Guess I have not been hunting that long, only since 1966. Shot a lot of lead. When you hit something it went down. But you had to hit it. When steel first was the law I was ready to quite hunting. Not the steels fault, just my ignorance. After I learned to shoot steel, life was better. S ometimes we just have to adapt to change and make it work for us. Does not matter what it was like 15 or 20 years ago, just what it is like now. Good, bad or in between does not matter. After this long I have no problem shooting steel with all the hunting I do.


----------



## Plainsman (Jul 30, 2003)

Leo Porcello said:


> Plainsman said:
> 
> 
> > back as 1958. .
> ...


 :beer:


----------



## barebackjack (Sep 5, 2006)

The first steel loads that came out flat out SUCKED! Nobody knew how to shoot it, its ballistics werent as well-known as they are now, so severe crippling loads like T's and F's and FF's and FFF's came out, to mimic the already common place large lead shots like 4-buck that were used for large geese. Nobody knew any better.

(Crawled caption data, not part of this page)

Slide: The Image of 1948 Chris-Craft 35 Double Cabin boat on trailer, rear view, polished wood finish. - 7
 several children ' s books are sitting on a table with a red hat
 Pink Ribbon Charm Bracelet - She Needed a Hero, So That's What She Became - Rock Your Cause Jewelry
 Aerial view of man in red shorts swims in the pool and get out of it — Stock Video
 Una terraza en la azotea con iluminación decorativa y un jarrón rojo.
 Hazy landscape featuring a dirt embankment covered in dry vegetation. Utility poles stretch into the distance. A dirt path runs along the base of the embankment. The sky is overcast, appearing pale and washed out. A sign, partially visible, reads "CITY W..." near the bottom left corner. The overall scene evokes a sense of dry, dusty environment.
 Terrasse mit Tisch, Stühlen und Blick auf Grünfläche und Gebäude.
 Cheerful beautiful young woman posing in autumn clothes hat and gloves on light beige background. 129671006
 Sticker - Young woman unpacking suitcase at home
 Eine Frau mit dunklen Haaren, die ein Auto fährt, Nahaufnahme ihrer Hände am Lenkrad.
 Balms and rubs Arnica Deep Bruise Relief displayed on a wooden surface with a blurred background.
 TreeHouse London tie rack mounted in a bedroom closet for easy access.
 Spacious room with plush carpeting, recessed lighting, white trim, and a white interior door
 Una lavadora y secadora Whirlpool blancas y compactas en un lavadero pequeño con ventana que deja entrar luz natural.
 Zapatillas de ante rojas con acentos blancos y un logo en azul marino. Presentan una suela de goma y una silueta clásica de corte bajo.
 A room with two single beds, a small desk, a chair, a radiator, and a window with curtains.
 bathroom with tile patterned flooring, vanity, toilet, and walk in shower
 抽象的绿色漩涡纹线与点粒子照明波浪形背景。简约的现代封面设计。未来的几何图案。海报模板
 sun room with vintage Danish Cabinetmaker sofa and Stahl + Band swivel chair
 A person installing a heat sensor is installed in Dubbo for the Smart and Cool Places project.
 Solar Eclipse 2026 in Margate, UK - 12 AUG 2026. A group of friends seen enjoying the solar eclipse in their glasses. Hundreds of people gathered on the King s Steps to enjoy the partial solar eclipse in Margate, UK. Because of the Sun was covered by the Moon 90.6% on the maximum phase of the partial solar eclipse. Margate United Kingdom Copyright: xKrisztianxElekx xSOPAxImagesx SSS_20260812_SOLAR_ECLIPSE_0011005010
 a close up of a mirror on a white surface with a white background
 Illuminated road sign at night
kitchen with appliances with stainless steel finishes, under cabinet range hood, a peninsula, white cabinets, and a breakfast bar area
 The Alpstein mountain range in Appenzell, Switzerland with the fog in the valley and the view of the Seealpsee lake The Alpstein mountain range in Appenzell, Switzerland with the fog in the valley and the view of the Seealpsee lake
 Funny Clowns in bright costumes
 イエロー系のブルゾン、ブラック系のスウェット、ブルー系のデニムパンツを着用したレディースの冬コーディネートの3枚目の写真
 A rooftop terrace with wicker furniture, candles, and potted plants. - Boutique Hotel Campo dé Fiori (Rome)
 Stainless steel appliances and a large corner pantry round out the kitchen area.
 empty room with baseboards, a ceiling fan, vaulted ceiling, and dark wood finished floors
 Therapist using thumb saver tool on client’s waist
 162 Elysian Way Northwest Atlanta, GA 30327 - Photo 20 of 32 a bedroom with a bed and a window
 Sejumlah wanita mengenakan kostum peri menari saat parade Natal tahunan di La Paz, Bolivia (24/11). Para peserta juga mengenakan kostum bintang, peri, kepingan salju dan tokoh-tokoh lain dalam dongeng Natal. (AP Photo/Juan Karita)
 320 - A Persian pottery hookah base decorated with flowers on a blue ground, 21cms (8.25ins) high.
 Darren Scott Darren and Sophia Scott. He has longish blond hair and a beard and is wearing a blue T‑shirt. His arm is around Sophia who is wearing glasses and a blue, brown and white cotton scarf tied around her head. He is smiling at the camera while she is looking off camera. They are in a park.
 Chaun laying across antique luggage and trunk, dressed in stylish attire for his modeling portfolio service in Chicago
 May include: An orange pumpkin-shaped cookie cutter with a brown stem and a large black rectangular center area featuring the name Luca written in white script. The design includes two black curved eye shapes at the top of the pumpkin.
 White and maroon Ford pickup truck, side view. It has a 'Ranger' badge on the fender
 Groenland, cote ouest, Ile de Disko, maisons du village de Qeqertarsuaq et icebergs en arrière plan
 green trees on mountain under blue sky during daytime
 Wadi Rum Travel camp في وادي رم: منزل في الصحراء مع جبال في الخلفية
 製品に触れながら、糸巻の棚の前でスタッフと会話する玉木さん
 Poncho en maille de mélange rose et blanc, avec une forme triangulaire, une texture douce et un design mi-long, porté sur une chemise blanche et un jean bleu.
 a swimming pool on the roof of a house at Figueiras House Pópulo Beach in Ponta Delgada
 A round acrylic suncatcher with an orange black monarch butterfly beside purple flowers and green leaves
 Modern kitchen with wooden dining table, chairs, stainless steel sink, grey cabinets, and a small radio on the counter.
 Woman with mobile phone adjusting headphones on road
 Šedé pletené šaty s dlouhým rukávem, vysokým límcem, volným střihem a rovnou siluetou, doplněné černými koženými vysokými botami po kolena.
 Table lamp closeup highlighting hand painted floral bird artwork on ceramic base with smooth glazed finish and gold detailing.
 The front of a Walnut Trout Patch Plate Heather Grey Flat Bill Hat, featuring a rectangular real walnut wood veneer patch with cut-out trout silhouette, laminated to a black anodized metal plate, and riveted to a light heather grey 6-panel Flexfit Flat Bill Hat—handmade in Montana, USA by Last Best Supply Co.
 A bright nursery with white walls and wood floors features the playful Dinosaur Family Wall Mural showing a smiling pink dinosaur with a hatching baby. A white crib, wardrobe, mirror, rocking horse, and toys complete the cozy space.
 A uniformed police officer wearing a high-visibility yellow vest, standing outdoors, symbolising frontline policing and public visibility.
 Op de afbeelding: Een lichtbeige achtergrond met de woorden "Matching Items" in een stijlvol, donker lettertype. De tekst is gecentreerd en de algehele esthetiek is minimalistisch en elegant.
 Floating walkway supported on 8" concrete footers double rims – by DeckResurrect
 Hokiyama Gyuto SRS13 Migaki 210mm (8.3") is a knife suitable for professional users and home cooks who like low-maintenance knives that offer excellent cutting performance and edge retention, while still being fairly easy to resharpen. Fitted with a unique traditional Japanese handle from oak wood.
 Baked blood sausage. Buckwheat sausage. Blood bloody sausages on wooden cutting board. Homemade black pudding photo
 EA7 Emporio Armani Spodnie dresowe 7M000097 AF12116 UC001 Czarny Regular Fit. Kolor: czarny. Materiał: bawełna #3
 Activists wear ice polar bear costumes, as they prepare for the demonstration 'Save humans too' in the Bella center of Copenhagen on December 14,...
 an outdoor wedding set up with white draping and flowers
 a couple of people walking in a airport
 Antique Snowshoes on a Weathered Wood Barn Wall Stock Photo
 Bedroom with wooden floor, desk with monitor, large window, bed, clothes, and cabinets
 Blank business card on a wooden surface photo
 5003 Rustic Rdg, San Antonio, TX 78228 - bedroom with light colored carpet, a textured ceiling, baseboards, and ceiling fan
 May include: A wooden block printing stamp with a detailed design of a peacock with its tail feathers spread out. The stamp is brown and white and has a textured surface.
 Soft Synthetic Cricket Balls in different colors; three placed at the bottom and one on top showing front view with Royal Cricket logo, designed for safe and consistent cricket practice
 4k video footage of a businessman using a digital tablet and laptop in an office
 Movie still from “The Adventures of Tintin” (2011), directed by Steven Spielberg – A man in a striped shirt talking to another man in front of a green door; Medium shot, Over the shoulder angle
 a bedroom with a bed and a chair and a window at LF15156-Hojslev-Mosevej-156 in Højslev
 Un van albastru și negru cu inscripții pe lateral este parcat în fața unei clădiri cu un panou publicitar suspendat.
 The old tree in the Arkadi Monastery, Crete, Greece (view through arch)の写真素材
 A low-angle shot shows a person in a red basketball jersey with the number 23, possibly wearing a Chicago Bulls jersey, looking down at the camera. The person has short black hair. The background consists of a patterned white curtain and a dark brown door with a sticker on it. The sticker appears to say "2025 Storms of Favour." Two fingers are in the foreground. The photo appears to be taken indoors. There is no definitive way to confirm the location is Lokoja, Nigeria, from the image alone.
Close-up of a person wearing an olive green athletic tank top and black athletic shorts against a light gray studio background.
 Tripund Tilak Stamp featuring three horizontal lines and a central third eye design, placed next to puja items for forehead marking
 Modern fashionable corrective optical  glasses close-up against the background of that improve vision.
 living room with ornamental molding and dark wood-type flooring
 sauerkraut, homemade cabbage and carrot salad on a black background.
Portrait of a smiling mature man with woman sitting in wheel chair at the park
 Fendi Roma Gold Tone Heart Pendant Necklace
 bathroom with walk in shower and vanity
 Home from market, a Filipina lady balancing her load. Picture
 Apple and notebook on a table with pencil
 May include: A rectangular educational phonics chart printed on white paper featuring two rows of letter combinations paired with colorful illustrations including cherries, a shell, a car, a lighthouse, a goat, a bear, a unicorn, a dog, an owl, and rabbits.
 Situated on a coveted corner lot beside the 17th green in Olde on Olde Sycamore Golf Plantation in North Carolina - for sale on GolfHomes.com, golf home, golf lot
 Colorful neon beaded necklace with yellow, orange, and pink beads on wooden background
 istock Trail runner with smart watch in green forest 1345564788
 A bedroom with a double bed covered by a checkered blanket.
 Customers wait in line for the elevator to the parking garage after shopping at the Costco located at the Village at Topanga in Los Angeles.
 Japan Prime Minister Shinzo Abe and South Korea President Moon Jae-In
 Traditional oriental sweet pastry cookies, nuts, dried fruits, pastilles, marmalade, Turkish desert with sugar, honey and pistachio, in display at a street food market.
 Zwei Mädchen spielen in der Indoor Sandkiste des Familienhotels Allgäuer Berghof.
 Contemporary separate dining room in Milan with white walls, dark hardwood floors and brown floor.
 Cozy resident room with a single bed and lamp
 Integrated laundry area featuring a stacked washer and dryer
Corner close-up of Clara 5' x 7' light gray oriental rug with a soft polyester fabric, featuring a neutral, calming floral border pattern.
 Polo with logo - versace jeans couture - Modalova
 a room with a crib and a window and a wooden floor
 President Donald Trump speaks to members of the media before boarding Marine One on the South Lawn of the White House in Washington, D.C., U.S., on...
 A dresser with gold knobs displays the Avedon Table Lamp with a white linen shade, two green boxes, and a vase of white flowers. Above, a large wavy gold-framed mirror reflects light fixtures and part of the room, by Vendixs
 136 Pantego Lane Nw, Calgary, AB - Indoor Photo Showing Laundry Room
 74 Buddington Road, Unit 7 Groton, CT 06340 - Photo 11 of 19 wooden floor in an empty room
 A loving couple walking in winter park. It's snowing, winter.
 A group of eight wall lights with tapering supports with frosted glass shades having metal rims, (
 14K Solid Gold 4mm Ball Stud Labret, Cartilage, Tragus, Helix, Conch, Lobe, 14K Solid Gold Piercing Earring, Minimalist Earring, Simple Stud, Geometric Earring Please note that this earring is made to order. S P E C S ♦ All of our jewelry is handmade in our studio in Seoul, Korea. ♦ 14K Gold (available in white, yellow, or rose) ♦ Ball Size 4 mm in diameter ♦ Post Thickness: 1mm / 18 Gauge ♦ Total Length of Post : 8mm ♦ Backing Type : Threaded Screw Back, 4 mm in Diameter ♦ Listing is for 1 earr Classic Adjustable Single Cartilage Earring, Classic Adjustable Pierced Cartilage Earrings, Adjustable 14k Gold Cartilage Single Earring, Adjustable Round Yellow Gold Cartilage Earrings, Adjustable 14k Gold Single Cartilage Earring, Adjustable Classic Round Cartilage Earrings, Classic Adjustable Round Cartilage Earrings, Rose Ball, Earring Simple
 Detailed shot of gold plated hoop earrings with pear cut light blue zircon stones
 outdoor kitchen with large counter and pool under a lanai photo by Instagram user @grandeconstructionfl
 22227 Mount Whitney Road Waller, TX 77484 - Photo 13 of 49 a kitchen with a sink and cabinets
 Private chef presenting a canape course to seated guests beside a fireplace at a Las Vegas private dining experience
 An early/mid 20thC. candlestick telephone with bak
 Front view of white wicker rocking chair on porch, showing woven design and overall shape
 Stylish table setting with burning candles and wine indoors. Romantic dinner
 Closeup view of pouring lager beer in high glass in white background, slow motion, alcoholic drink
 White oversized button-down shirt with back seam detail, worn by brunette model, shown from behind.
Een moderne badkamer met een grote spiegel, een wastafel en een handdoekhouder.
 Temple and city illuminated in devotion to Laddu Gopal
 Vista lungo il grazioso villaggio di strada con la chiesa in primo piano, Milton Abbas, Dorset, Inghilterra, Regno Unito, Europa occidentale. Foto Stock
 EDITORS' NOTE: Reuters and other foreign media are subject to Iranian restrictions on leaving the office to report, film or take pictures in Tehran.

Steel still sucked when I first started waterfowling in 1991. (Dont think that qualify's me as an "old timer").

Steel has come into its own for sure, but really only in the last ten years or so, its first ten years or so were pretty dismal. My old man was one of those "old timers" that quit the first year of steel, he has since started hunting waterfowl again and will even admit the steel we shoot today is not the steel he shot that first year.

The technology got better, we learned we needed to speed it up as it doesnt have the same ballistic characteristics as lead. And, guys just simply learned to shoot it better.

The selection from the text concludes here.